SWX long call positions are structurally bullish; the modeled P&L assumes European-style exercise at expiration and ignores early assignment, transaction costs, dividends paid before expiry on the stock leg (when present), and the bid-ask spread on the listed chain. SWX positions also carry Utilities sector concentration risk; news flow inside the sector (peer earnings, regulatory shifts, supply-chain headlines) can move SWX alongside the broader basket even when SWX-specific fundamentals are unchanged. Long-premium structures like a long call on SWX are particularly exposed to IV-crush risk through scheduled events (earnings, FDA decisions, central-bank meetings) where IV typically contracts post-event regardless of the directional outcome. Always rebuild the position from current SWX chain quotes before placing a trade.

Frequently asked questions

What is a long call on SWX?
A long call on SWX is the long call strategy applied to SWX (stock). The strategy is structurally bullish: A long call buys upside exposure with a fixed maximum loss equal to the premium paid; profit accrues if the underlying closes above the strike plus premium at expiration. With SWX stock trading near $87.44, the strikes shown on this page are snapped to the nearest listed SWX chain strike and the premiums come straight from the end-of-day bid/ask midpoint.
How are SWX long call max profit and max loss calculated?
Max profit is unbounded; max loss equals the premium paid times 100. Breakeven is strike plus premium. For the SWX long call priced from the end-of-day chain at a 30-day expiry (ATM IV 25.50%), the computed maximum profit is unbounded per contract and the computed maximum loss is unbounded per contract. Live intraday quotes will differ as the chain moves through the trading session.
What is the breakeven for a SWX long call?
The breakeven for the SWX long call priced on this page is no defined breakeven on the modeled curve at expiration, derived from end-of-day chain premiums. Breakeven is the underlying price at which the strategy's P&L crosses zero ignoring transaction costs and assignment risk. The current SWX market-implied 1-standard-deviation expected move is approximately 7.31%; if the move sits well outside the breakeven distance, the structure's risk-reward becomes correspondingly tighter.
When should you consider a long call on SWX?

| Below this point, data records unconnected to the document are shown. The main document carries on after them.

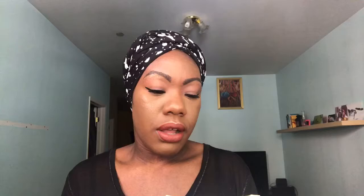This is the Murad Hydro Glow Aqua Peel — it's a two-step product. You have the actual peel and then a sheet mask. It's really nice because it's super two-step, so you can kind of control what you're putting on your face and when.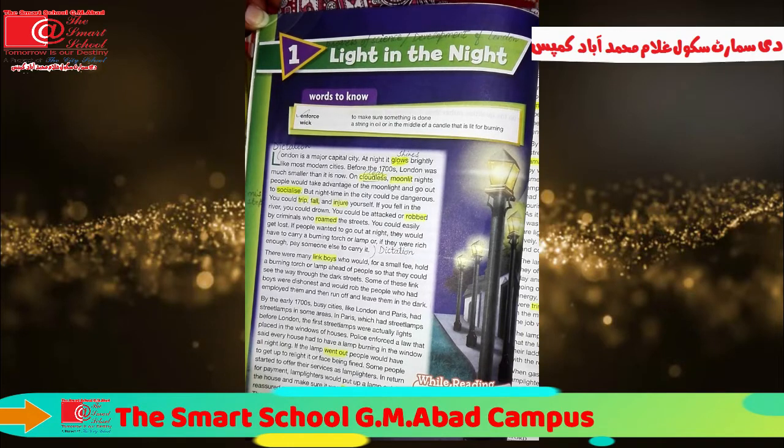In this unit, we shall read about the condition of London before the 17th century. What was the condition of London before the 17th century? At that time, it was quite dark and a smaller city. As compared to now, it was quite dark and smaller.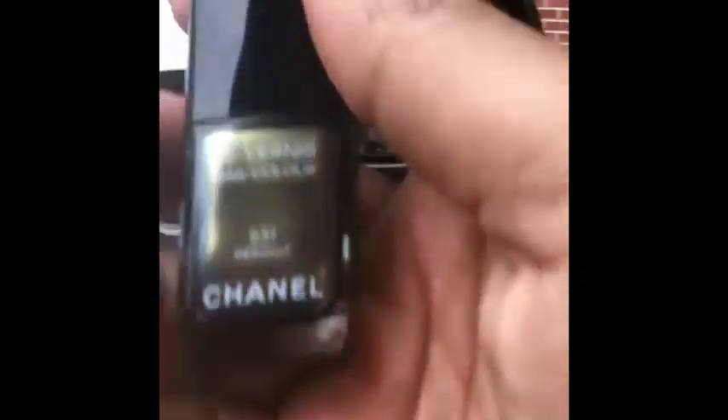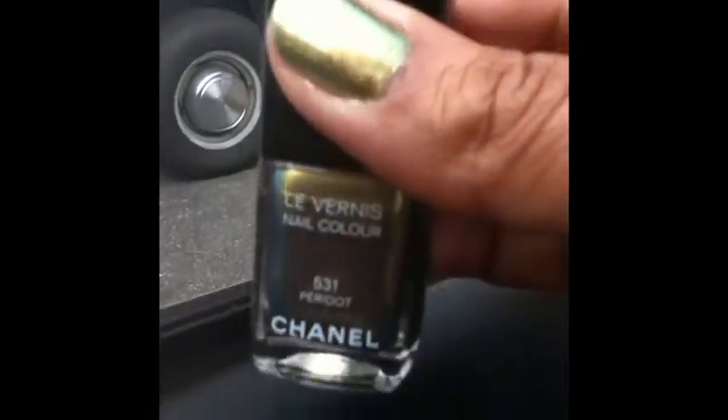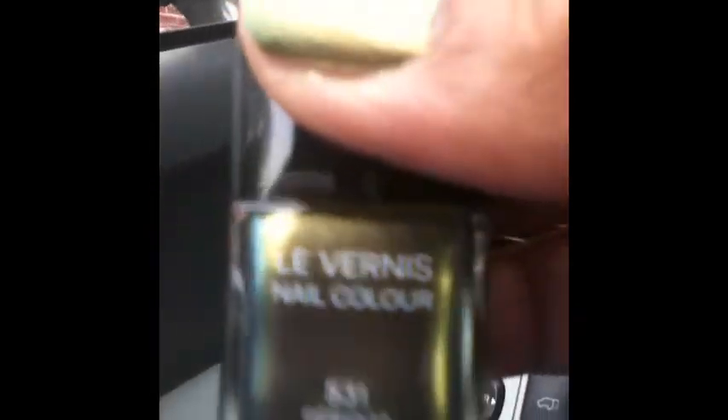This is the bottle — it's kind of hard to see in this light. It's a gold color depending on how you hold the bottle. Sometimes it looks gold, and then if you turn your hand the other way it looks green.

Long calls on SWX express a bullish thesis with defined risk; traders use them ahead of SWX catalysts (earnings, product launches, macro events) when the expected upside justifies the premium and theta decay.
How does current SWX implied volatility affect this long call?
SWX ATM IV is at 25.50% with IV rank near 3.25%, which is on the low end of its 1-year range. Premium-buying structures (long call, long put, debit spreads) are relatively cheap in this regime; premium-selling structures collect less credit per unit risk.